The background to this post is that I write letters to the editor, early and often, usually about justice issues. I'd like to think of these letters as bold and illuminating, but friends keep me from vanity with remarks like, "I see where you were gassing away in the paper again," or simply "Blah, blah, blah."
My friend Cee-Cee (not her real name) is a retired policewoman. I met her, if that's the right word, when she called me up very late and out of the blue, to chew me over, grind me up and spit me out for a letter of mine she'd just read. The letter concerned what I saw as a poor judgment call on the part of a police officer.

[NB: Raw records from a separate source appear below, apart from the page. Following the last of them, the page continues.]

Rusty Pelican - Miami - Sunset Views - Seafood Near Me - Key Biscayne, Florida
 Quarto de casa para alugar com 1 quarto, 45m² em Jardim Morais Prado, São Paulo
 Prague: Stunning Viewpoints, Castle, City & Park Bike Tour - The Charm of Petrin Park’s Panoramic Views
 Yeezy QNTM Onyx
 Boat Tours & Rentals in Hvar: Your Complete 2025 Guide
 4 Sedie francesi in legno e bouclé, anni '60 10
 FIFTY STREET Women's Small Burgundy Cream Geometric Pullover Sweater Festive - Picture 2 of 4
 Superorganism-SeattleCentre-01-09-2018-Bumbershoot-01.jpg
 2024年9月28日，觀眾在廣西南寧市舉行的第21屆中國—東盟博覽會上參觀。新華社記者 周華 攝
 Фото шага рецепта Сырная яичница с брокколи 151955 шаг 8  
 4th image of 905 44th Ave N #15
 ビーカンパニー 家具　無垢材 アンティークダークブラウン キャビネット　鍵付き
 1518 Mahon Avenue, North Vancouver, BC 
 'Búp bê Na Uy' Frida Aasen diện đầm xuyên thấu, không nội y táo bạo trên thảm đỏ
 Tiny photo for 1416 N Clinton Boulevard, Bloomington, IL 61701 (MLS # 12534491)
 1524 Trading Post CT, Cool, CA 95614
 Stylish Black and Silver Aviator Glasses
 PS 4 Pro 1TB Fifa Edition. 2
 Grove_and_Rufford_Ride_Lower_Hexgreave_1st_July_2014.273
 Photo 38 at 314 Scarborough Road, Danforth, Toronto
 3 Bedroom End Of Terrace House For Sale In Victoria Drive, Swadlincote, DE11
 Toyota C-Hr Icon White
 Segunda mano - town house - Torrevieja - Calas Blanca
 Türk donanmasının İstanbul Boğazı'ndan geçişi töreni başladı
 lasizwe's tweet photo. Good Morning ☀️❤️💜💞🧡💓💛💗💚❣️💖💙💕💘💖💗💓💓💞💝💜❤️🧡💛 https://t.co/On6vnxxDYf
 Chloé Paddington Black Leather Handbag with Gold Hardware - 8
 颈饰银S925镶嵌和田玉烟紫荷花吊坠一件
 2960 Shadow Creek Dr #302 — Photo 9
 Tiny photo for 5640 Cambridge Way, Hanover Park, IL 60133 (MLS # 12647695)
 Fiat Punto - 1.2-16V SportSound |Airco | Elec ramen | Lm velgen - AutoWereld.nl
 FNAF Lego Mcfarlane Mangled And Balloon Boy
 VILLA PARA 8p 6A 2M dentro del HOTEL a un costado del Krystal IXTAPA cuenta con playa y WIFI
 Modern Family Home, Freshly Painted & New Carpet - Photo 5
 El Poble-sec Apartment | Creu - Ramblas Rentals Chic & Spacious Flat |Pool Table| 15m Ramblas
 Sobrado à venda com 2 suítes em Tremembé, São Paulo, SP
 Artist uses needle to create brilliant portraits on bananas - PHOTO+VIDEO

Keep in mind that this was around midnight. I'd been asleep. Cee-Cee, a stranger to me then, has a voice of mighty thunder when upset, sort of like God and Thor combined. She said, or shouted, that although the facts in my letter were "technically correct," I had written it in a spirit of smug fault-finding and from a place of ignorance. Like most civilians, I had no idea of the thousands of judgment calls which every officer is required to make, often under severe stress. Neither I nor any other civilian would hear about the great majority which turned out to be right. Cee-Cee said I'd been wrong to zero in on this officer's rare mistake, when what mattered was an honorable career as a whole.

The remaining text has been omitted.